Replicating More than Just Holograms

8 min readDec 8, 2021

--

Information about the Technology

What is it?

In the year 2020, a technology called “Deepfake” had broken out of the shell of being a mere researching tool and into the hands of amateurs. This technology acts to imitate a particular person by utilizing boundless amounts of data that has been recorded and maintained mostly on the Internet. While this technology has existed in the past, the flavor of the technology that pertains to this course and this time is that of vocal deepfake, where people now have access to technologies that imitate the voice of a person by analyzing audio files of their voice. The ability to deepfake voices has mostly been picking up this year with the advent of a plethora of websites hosting this type of program.

From: Detecting deepfakes by looking closely reveals a way to protect against them.

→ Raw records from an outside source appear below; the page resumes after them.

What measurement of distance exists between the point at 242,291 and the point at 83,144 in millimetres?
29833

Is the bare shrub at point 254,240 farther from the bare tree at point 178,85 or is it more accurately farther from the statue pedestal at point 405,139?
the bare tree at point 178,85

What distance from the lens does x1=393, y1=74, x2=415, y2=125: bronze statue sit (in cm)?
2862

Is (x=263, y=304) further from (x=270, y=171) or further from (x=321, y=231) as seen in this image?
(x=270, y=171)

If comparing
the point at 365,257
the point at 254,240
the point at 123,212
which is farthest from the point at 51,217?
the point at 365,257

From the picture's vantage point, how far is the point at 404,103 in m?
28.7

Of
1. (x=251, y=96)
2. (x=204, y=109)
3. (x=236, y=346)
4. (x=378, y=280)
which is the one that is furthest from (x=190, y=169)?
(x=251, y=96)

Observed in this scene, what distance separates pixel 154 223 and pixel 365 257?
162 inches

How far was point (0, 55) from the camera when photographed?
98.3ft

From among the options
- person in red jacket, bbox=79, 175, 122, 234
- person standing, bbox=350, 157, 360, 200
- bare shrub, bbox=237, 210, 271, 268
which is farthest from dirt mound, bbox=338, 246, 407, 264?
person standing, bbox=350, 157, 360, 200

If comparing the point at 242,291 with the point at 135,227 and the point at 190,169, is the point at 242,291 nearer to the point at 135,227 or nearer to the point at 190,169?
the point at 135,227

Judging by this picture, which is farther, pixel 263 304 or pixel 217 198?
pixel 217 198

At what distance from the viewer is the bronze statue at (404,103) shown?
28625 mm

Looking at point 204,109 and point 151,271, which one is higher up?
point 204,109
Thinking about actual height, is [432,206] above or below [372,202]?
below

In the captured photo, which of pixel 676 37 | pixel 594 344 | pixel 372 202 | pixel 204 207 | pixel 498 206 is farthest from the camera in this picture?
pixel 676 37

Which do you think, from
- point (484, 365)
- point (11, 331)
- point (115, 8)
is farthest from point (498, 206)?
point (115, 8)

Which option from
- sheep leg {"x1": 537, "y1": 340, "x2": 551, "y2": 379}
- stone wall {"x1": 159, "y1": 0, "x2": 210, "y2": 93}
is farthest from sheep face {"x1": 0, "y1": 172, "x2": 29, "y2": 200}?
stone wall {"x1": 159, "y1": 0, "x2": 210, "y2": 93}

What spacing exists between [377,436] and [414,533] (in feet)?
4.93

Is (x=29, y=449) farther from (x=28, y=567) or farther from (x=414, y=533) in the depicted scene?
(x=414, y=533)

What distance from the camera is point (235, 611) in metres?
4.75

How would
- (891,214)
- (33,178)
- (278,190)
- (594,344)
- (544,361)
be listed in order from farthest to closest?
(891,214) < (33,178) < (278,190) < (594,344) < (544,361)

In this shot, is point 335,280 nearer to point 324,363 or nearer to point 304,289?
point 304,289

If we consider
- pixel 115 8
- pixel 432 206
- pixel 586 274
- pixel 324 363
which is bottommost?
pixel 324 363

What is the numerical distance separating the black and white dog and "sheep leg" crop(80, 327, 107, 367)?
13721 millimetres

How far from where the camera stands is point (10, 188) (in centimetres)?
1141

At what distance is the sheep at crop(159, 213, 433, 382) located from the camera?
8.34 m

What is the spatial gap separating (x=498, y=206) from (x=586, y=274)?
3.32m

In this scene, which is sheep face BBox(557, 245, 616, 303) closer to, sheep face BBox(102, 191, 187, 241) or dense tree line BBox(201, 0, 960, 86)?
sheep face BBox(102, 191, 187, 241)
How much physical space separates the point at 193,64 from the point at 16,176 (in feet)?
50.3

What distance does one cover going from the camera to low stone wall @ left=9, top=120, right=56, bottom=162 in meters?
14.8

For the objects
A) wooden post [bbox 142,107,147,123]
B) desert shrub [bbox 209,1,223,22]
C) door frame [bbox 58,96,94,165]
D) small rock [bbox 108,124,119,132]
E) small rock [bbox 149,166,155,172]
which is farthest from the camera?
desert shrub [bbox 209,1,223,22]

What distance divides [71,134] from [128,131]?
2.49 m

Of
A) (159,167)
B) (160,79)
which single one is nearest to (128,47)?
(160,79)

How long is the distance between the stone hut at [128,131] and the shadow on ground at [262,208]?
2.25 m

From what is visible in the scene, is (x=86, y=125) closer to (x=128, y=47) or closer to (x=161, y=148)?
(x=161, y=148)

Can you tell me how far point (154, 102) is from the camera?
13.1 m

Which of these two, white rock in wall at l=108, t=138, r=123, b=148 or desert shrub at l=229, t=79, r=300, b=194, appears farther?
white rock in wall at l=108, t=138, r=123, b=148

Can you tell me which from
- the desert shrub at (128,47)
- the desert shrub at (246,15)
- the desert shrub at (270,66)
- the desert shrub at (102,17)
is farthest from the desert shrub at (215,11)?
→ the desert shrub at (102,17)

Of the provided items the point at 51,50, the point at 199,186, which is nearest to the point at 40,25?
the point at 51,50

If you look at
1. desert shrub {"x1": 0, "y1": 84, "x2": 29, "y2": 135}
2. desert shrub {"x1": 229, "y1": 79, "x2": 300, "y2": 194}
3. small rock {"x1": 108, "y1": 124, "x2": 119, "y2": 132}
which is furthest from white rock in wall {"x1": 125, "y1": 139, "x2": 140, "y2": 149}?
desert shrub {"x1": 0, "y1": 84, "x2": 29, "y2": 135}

Phys.org. (n.d.). Retrieved December 8, 2021, from https://phys.org/news/2019-06-deepfakes-reveals.html. Shows previous use of deepfake technology in that usually celebrities would be placed or “deepfaked” onto other people or in this case other celebrities.

How does it work?

The way that the program works, from a user’s perspective, is by simply choosing a voice they want to have imitated, and then typing the words they want to have said. The program will then construct an audio file for the user to use in whatever they want. Many of these programs exist and are usually free to use. From the perspective of a programmer or someone who wants to construct a new voice to deepfake, there are many open-source projects that people can utilize to feed in audio files, which will train the program to make a new voice to mimic.

This is an example I made with uberduck.ai using Michael Jackson’s voice. There are many other websites that can be used.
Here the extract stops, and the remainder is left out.